Ten Books That Helped Ocean Vuong Write His Debut Novel

Originally Published: October 02, 2019

Vuong's debut novel, On Earth We're Briefly Gorgeous, has received glowing reviews from publications near and far. At Literary Hub, Vuong tells readers about the books that supported and informed his creative process. "As a culture, we often fetishize the debut writer as some sort of self-arising wunderkind," he writes, "someone that comes 'out of nowhere' or had 'splashed onto the scene' unannounced, seemingly without a pre-history or predecessors." Picking up from there: 

This is compounded for writers of color, who seem, according to this narrative, to arrive at the literary table by “transcending” their cultural, economic or racial milieu into the hegemonic literati.
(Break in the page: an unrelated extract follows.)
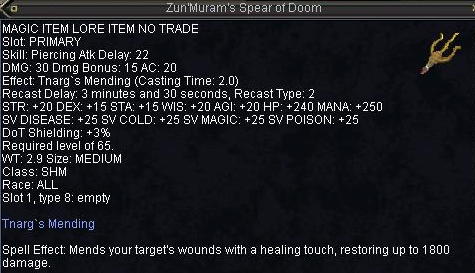 Zun`Muram\'s Spear of Doom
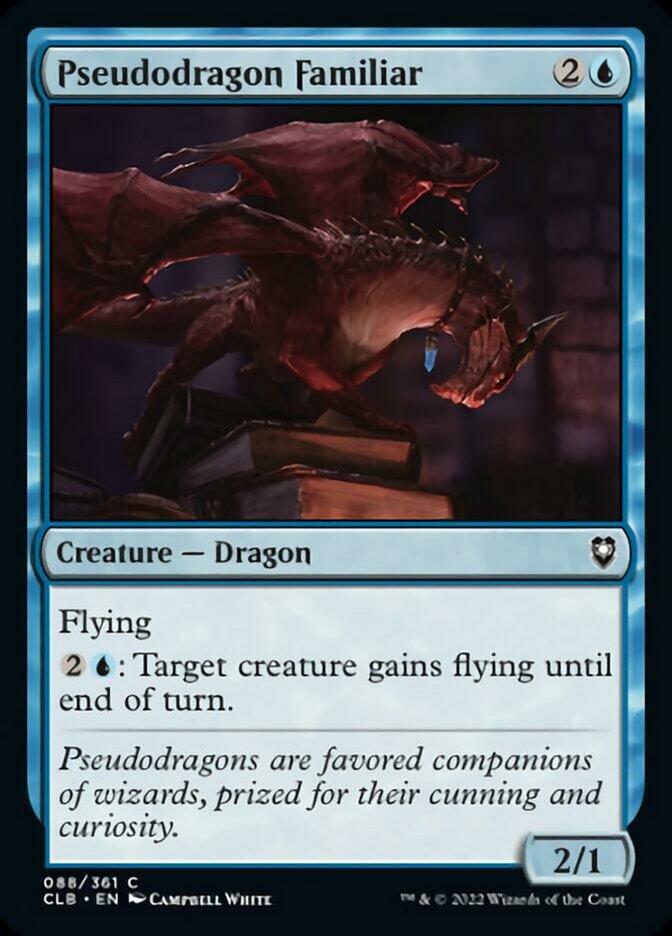 Pseudodragon Familiar [Commander Legends: Battle for Baldur's Gate] | Cracking-Singles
I want to take a moment, in light of this, to put some shine on 10 books that made my debut, On Earth We’re Briefly Gorgeous, possible.

Some of these texts (in no particular order) are canonical, some are not—but they each had an idiosyncratic force on my education as a writer and informed and enriched On Earth We’re Briefly Gorgeous, and in particular, supported the novel’s metaphor-rich approach. The metaphor, heavily used in the 19th century as a means toward the ecstatic sublime, became more passé after the World Wars, when the pastoral dream was no longer feasible amidst European fields rotting with cattle corpses. I wanted to use the metaphor differently, on terms removed from a Eurocentric worldview.

Vietnamese refugees, for example, use metaphor as a coping mechanism; metaphor provides a way to talk about trauma without stating the experience outright. An abortion is described as having “papaya seeds scraped out of you,” or sexual assault as having “the doorway of your body broken into.” To die is to”“get on the road.” Likewise, when Abel Meeropol wrote the poem “Strange Fruit” about the lynching of African Americans in the South, he was not reaching for the Romantic sublime—but to render the horrific via an alternative speech act. The metaphor in the mouths of survivors became a way to innovate around pain.